[EXERCISE INSTRUCTIONS] For this exercise, write out the whole listing below exactly, omitting its images.

[AVAILABLE DATA]
---------------
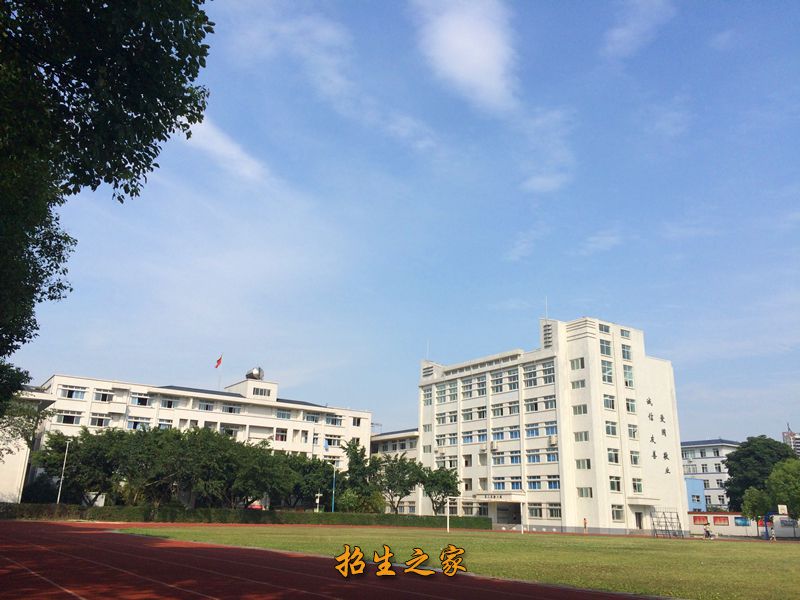 四川理工技师学院学校远景图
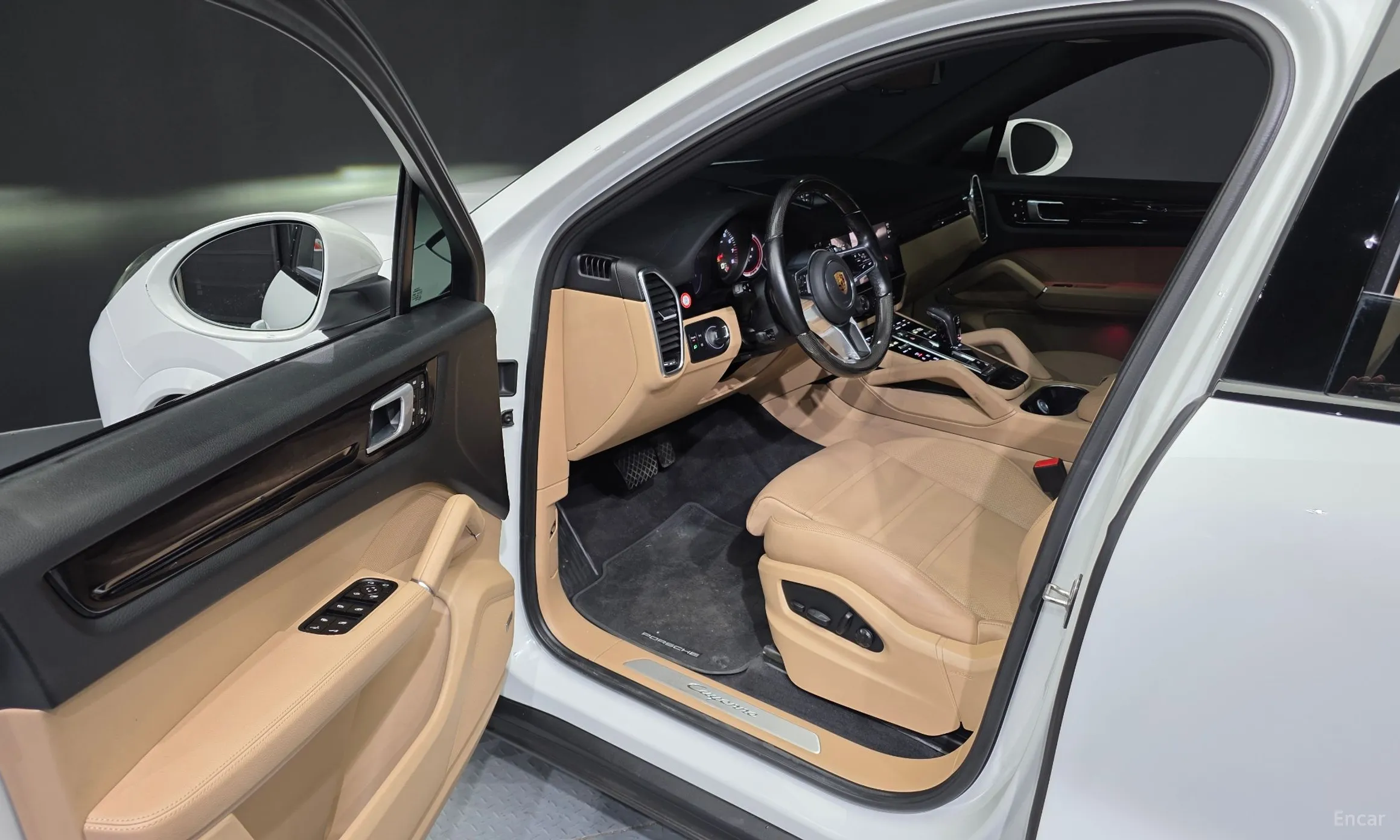 Porsche Cayenne (PO536) превью 10
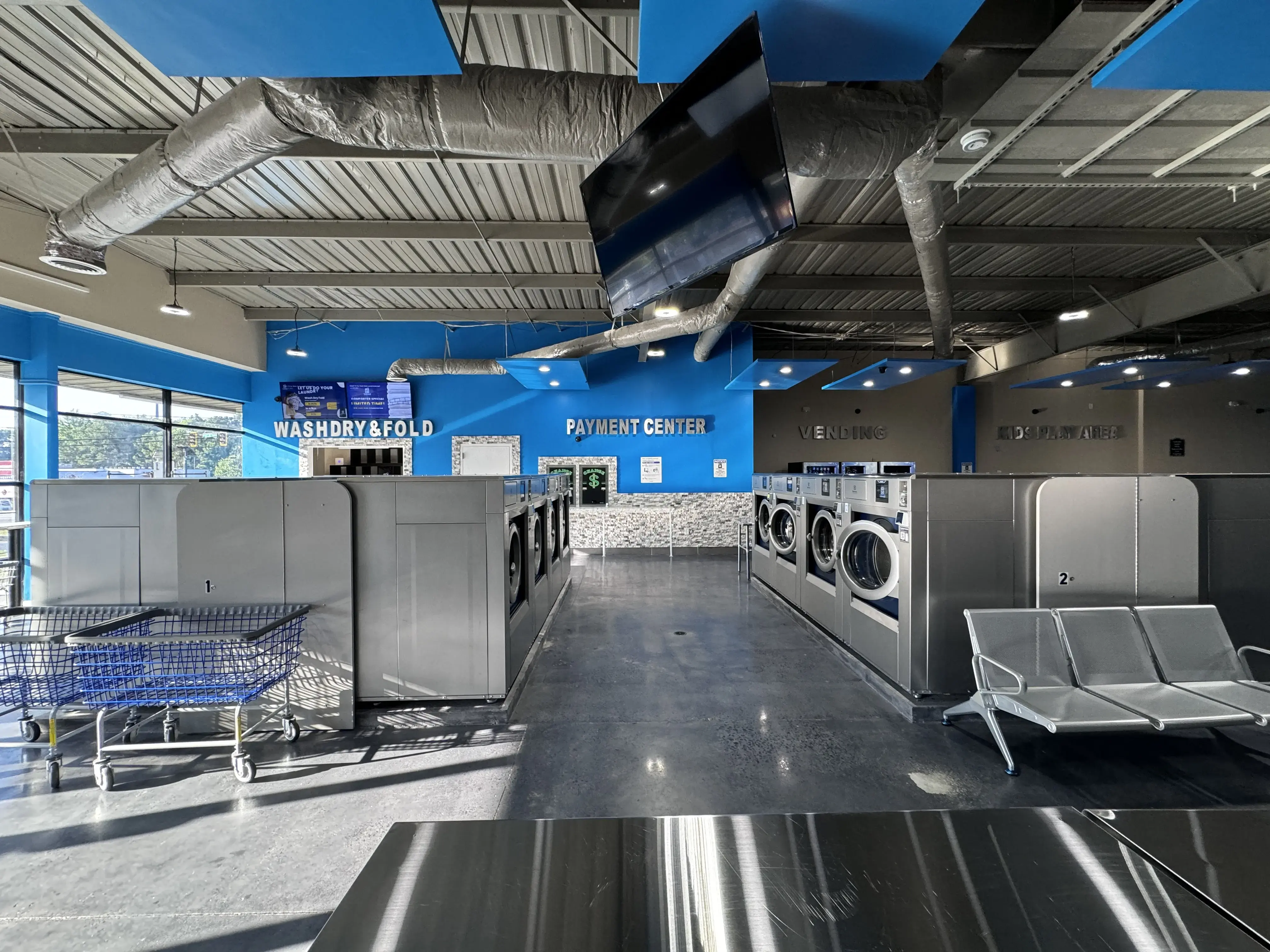 Wash Club | WashLuXe Laundromat thumbnail 4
---------------
[PROBLEM SOLUTION]
 四川理工技师学院学校远景图
 Porsche Cayenne (PO536) превью 10
 Wash Club | WashLuXe Laundromat thumbnail 4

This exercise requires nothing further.